PROBLEM DESCRIPTION: Word for word, repeat each line of the listing below.

DATASET EXCERPT:
################

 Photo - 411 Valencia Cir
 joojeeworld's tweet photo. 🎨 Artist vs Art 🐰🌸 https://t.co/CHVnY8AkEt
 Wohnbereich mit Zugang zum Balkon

################

RESULT OF THIS EXERCISE:
 Photo - 411 Valencia Cir
 joojeeworld's tweet photo. 🎨 Artist vs Art 🐰🌸 https://t.co/CHVnY8AkEt
 Wohnbereich mit Zugang zum Balkon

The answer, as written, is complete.